== Records for the exercise

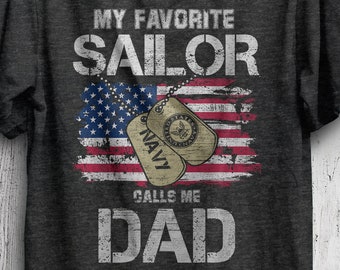 gifts for military dads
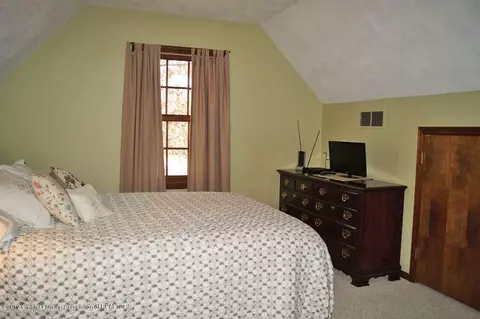 714 Andover Dr, Dewitt, MI 48820 photo 24
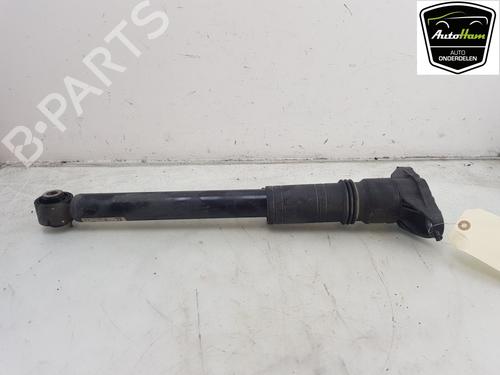 Used Left rear shock absorber Left rear shock absorber OPEL MOKKA MOKKA-e (76) (136 hp) 19771963 19771963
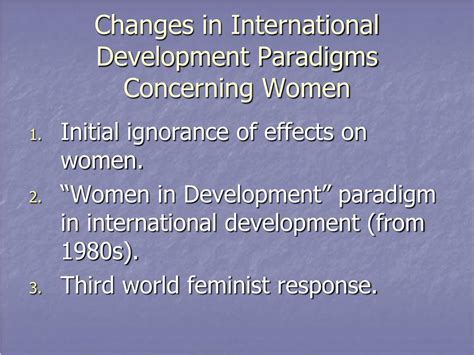 ppt plan for today feminist ir theory powerpoint presentation free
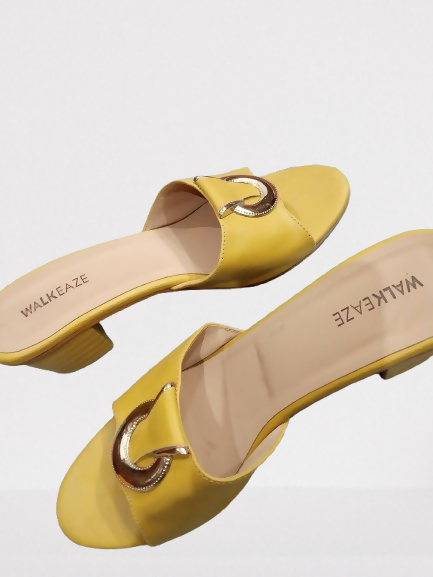 aR96vzzqYH-removebg-preview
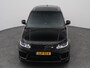 Land Rover Range Rover Sport P400e HSE Dynamic Stealth | PANO | 360° | MERIDIAN | ADAPTIVE | LUCHTVERING | MEMORY | STOEL- EN STUURVERW.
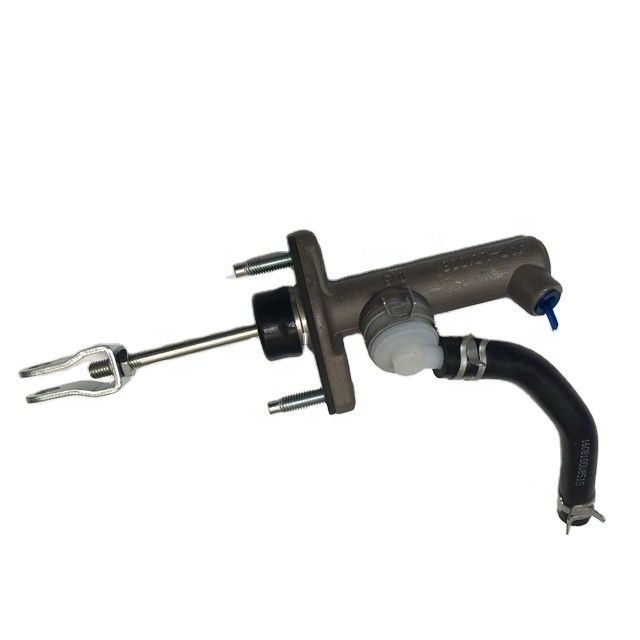 JAC J4 S3 Auto Kupplung Masterzylinder OEM 1608100U8510 für ein reibungsloses Fahren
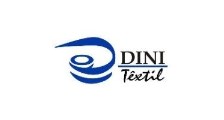 Dini Têxtil logo
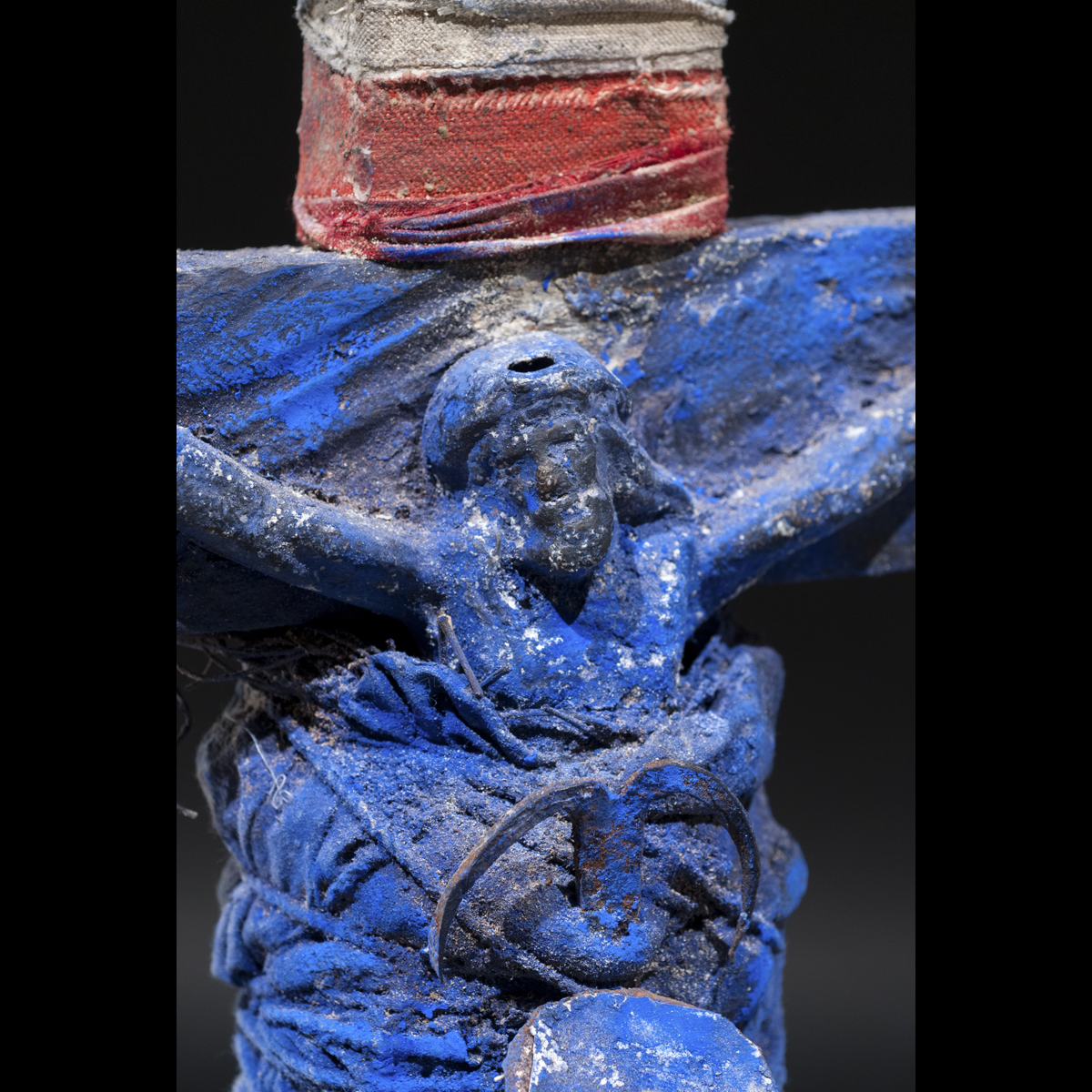 fon-benin-fetiche-crucifix-vaudou-art-africain-9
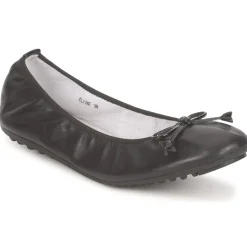 Mac Douglas - ELIANE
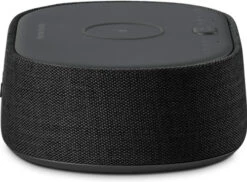 Harman Kardon Citation OASIS Zwart -Nintendo Winkel 1460965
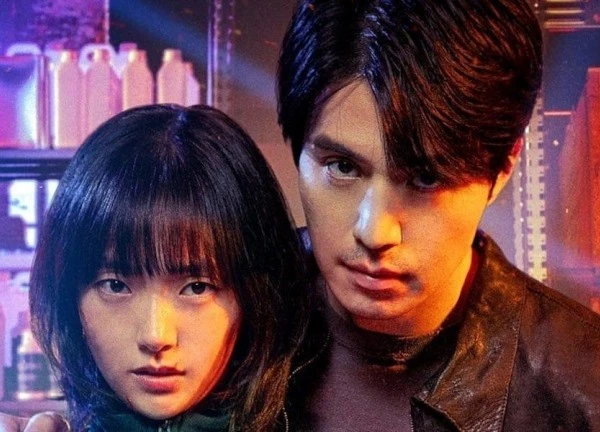 Phim Hàn ăn khách 'A Shop for Killers 2' trở lại với dàn diễn viên mới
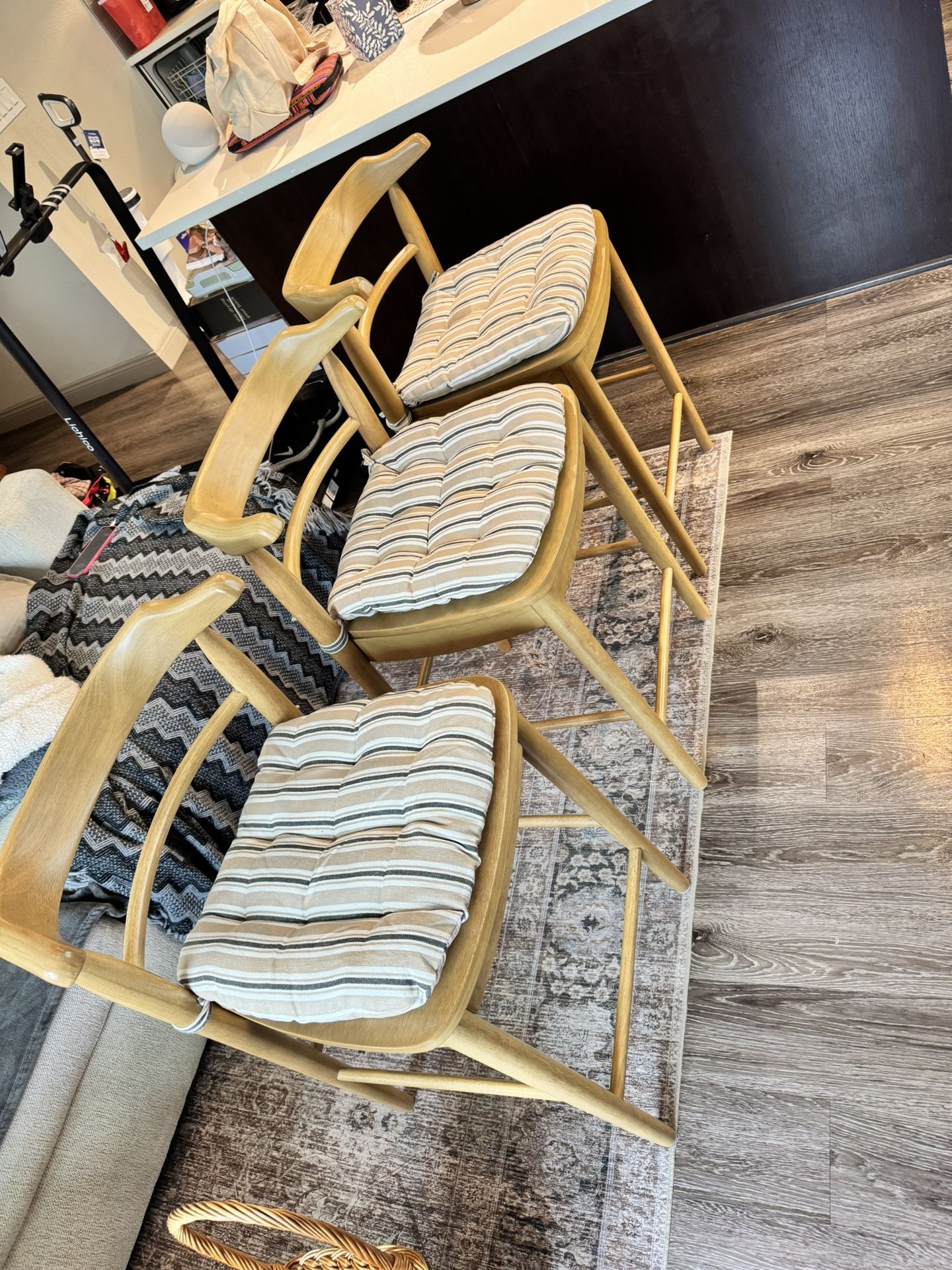 Bar Stools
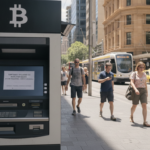 IMF sees dollar-backed tokens gaining on stablecoins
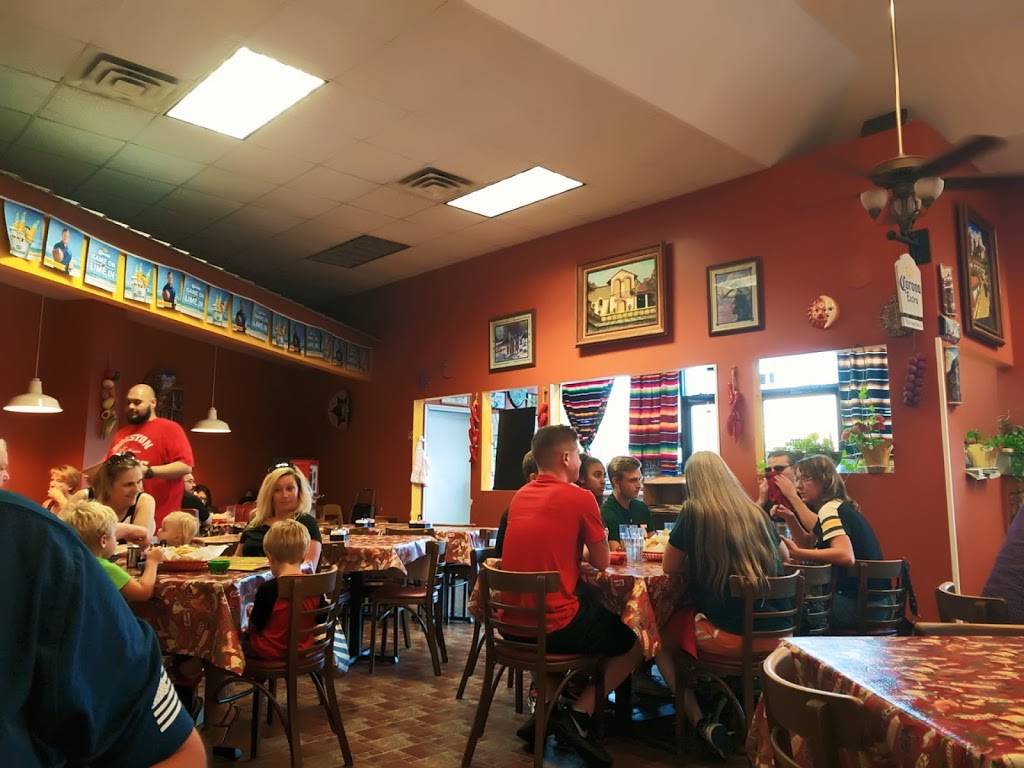 Manuels Mexican Restaurant | restaurant | 13083 W Lake Houston Pkwy, Houston, TX 77044, USA | 2812254491 OR +1 281-225-4491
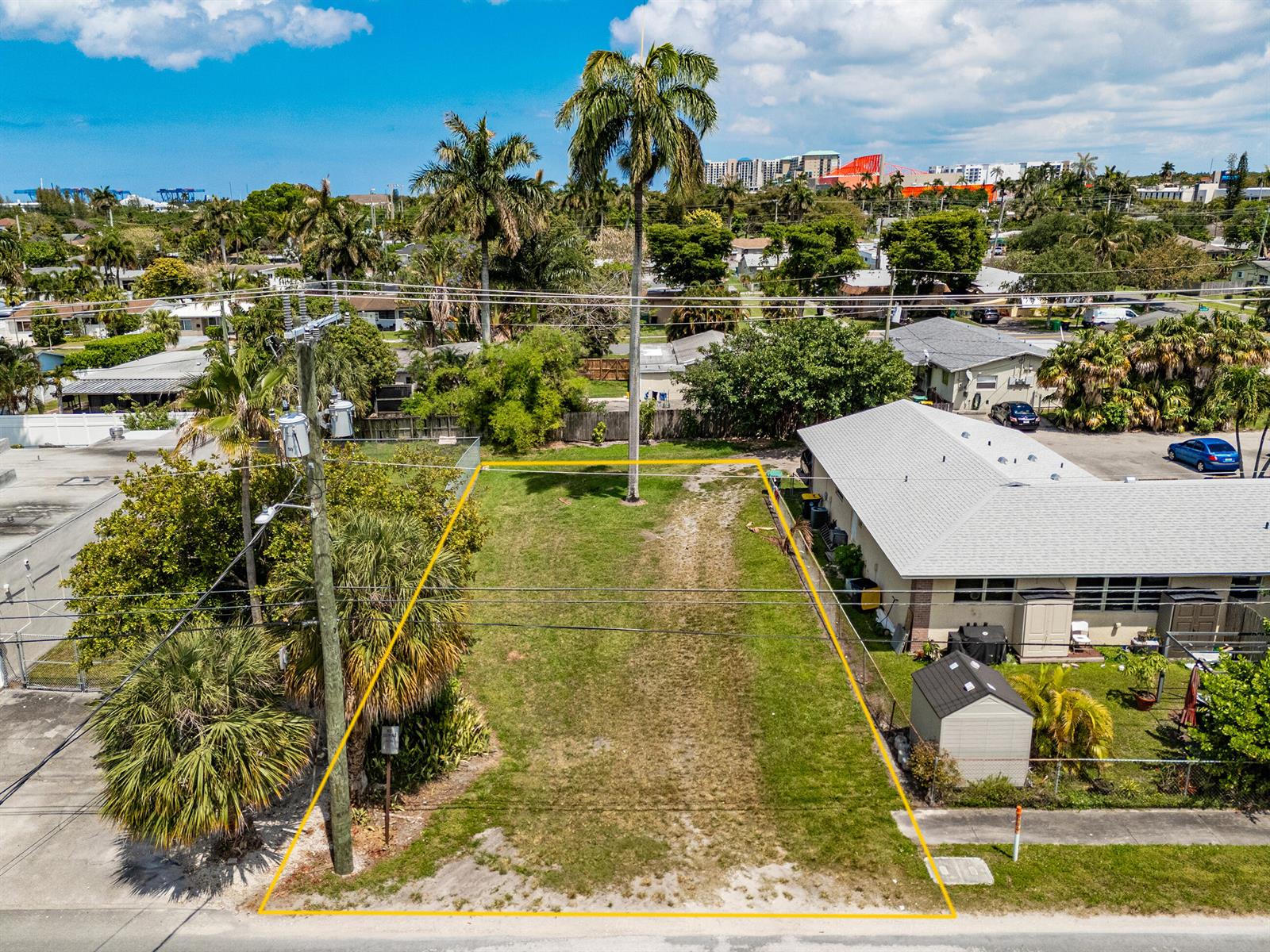   / 0  sq. ft. $ 2026-06-11 0 Photo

====

- [Exercise description]:
Line by line, write out the records above exactly, skipping the pictures.

- [Completed exercise]:
 gifts for military dads
 714 Andover Dr, Dewitt, MI 48820 photo 24
 Used Left rear shock absorber Left rear shock absorber OPEL MOKKA MOKKA-e (76) (136 hp) 19771963 19771963
 ppt plan for today feminist ir theory powerpoint presentation free
 aR96vzzqYH-removebg-preview
 Land Rover Range Rover Sport P400e HSE Dynamic Stealth | PANO | 360° | MERIDIAN | ADAPTIVE | LUCHTVERING | MEMORY | STOEL- EN STUURVERW.
 JAC J4 S3 Auto Kupplung Masterzylinder OEM 1608100U8510 für ein reibungsloses Fahren
 Dini Têxtil logo
 fon-benin-fetiche-crucifix-vaudou-art-africain-9
 Mac Douglas - ELIANE
 Harman Kardon Citation OASIS Zwart -Nintendo Winkel 1460965
 Phim Hàn ăn khách 'A Shop for Killers 2' trở lại với dàn diễn viên mới
 Bar Stools
 IMF sees dollar-backed tokens gaining on stablecoins
 Manuels Mexican Restaurant | restaurant | 13083 W Lake Houston Pkwy, Houston, TX 77044, USA | 2812254491 OR +1 281-225-4491
   / 0  sq. ft. $ 2026-06-11 0 Photo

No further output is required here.